**Problem to solve:** Copy the listing below in full and skip every picture.

**Data extract:**
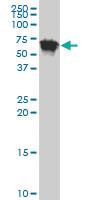 Anti-TGFBI Mouse Polyclonal Antibody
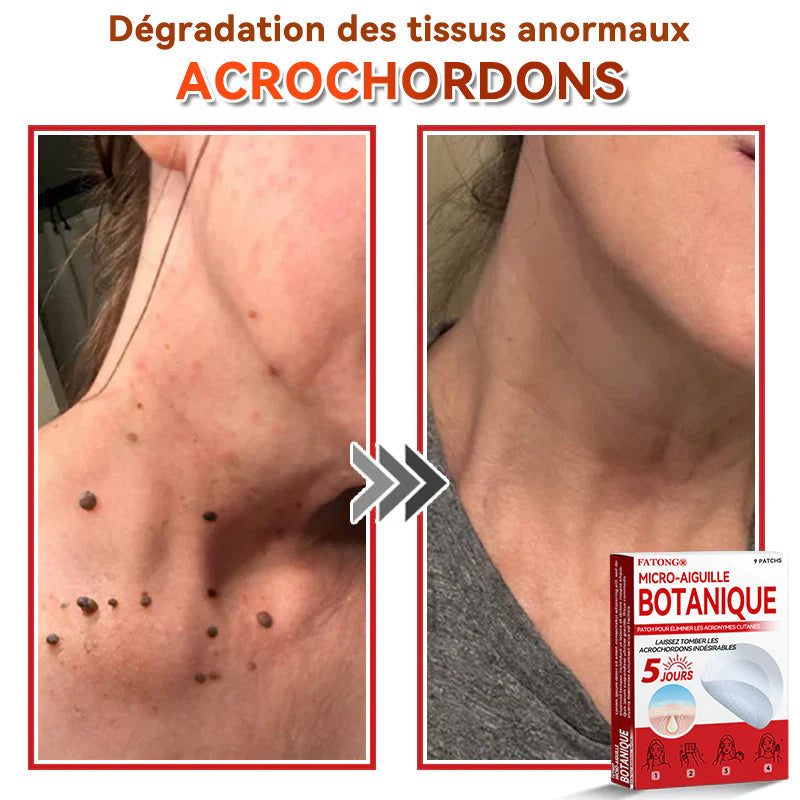 🌈𝐅𝐀𝐓𝐎𝐍𝐆®🍁💖𝐌𝐢𝐜𝐫𝐨-𝐀𝐢𝐠𝐮𝐢𝐥𝐥𝐞 𝐁𝐨𝐭𝐚𝐧𝐢𝐪𝐮𝐞 𝐏𝐚𝐭𝐜𝐡 𝐏𝐨𝐮𝐫 É𝐥𝐢𝐦𝐢𝐧𝐞𝐫 𝐋𝐞𝐬 𝐀𝐜𝐫𝐨𝐧𝐲𝐦𝐞𝐬 𝐂𝐮𝐭𝐚𝐧é𝐬 - 𝐔𝐧𝐞 𝐟𝐨𝐢𝐬 𝐩𝐚𝐫 𝐣𝐨𝐮𝐫, 𝐩𝐞𝐧𝐝𝐚𝐧𝐭 𝟔-𝟖 𝐡𝐞𝐮𝐫𝐞𝐬, é𝐥𝐢𝐦𝐢𝐧𝐞𝐳 𝐭𝐨𝐮𝐬 𝐥𝐞𝐬 𝐭𝐲𝐩𝐞𝐬 𝐝𝐞 𝐯𝐞𝐫𝐫𝐮𝐞𝐬 𝐜𝐮𝐭𝐚𝐧é𝐞𝐬 𝐞𝐧 𝐬𝐞𝐮𝐥𝐞𝐦𝐞𝐧𝐭 𝐒𝐲𝐧𝐭𝐚𝐱𝐞 𝐣𝐨𝐮𝐫𝐬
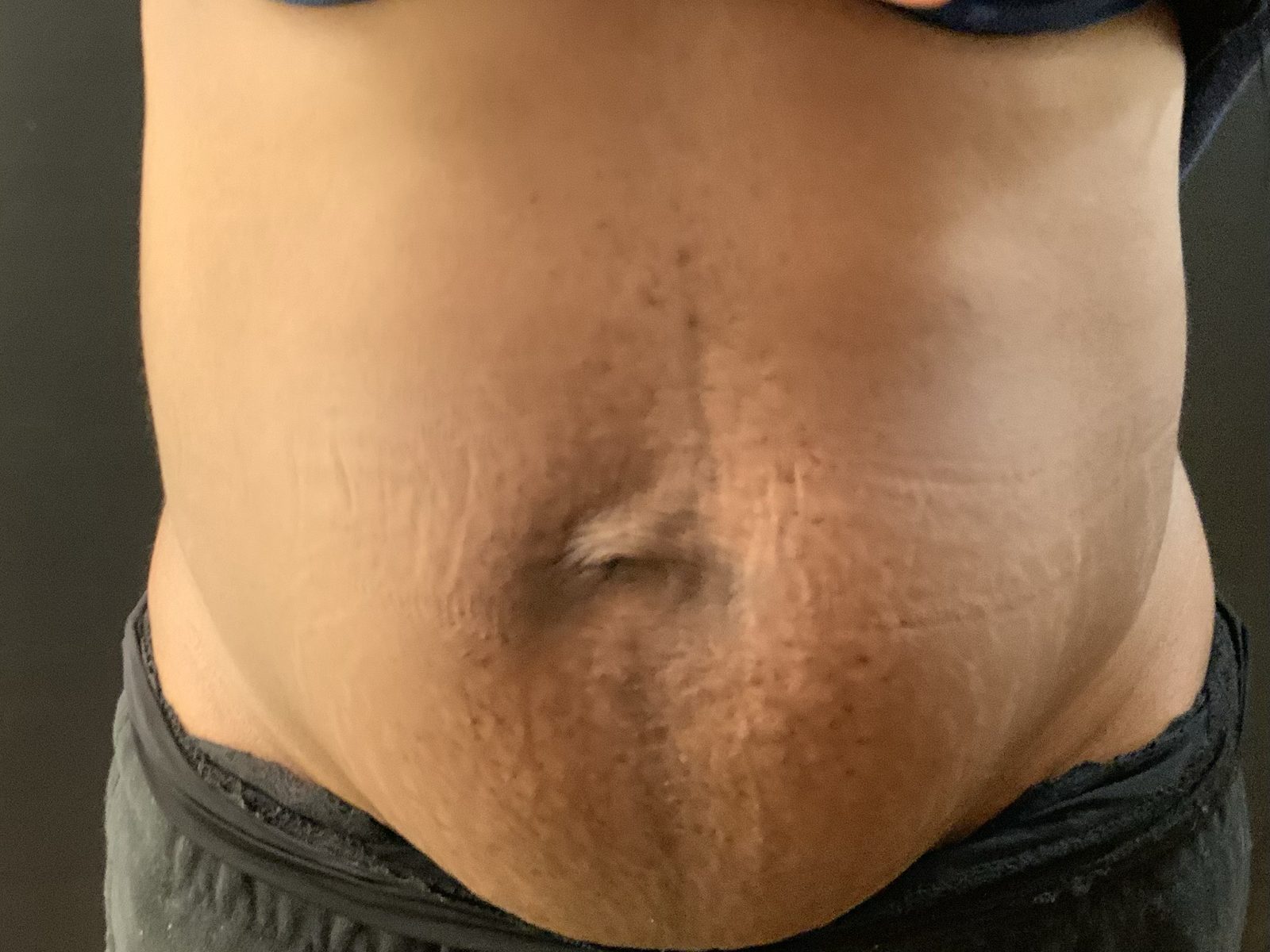 Résultat après abdominoplastie du post-partum avec réparation d'un diastasis des grands droits (photographie 1 sur 4)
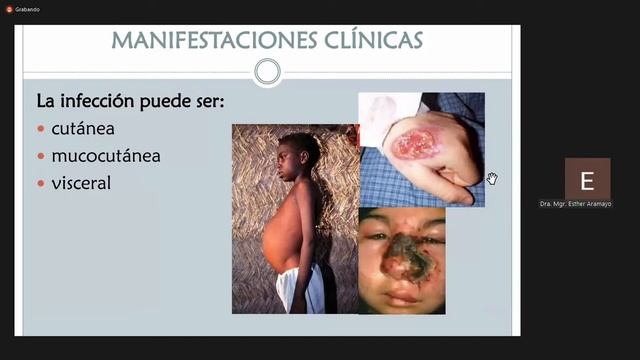 LAISHMANIASIS 2021 05 15 смотреть онлайн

**Solution to this task:**
 Anti-TGFBI Mouse Polyclonal Antibody
 🌈𝐅𝐀𝐓𝐎𝐍𝐆®🍁💖𝐌𝐢𝐜𝐫𝐨-𝐀𝐢𝐠𝐮𝐢𝐥𝐥𝐞 𝐁𝐨𝐭𝐚𝐧𝐢𝐪𝐮𝐞 𝐏𝐚𝐭𝐜𝐡 𝐏𝐨𝐮𝐫 É𝐥𝐢𝐦𝐢𝐧𝐞𝐫 𝐋𝐞𝐬 𝐀𝐜𝐫𝐨𝐧𝐲𝐦𝐞𝐬 𝐂𝐮𝐭𝐚𝐧é𝐬 - 𝐔𝐧𝐞 𝐟𝐨𝐢𝐬 𝐩𝐚𝐫 𝐣𝐨𝐮𝐫, 𝐩𝐞𝐧𝐝𝐚𝐧𝐭 𝟔-𝟖 𝐡𝐞𝐮𝐫𝐞𝐬, é𝐥𝐢𝐦𝐢𝐧𝐞𝐳 𝐭𝐨𝐮𝐬 𝐥𝐞𝐬 𝐭𝐲𝐩𝐞𝐬 𝐝𝐞 𝐯𝐞𝐫𝐫𝐮𝐞𝐬 𝐜𝐮𝐭𝐚𝐧é𝐞𝐬 𝐞𝐧 𝐬𝐞𝐮𝐥𝐞𝐦𝐞𝐧𝐭 𝐒𝐲𝐧𝐭𝐚𝐱𝐞 𝐣𝐨𝐮𝐫𝐬
 Résultat après abdominoplastie du post-partum avec réparation d'un diastasis des grands droits (photographie 1 sur 4)
 LAISHMANIASIS 2021 05 15 смотреть онлайн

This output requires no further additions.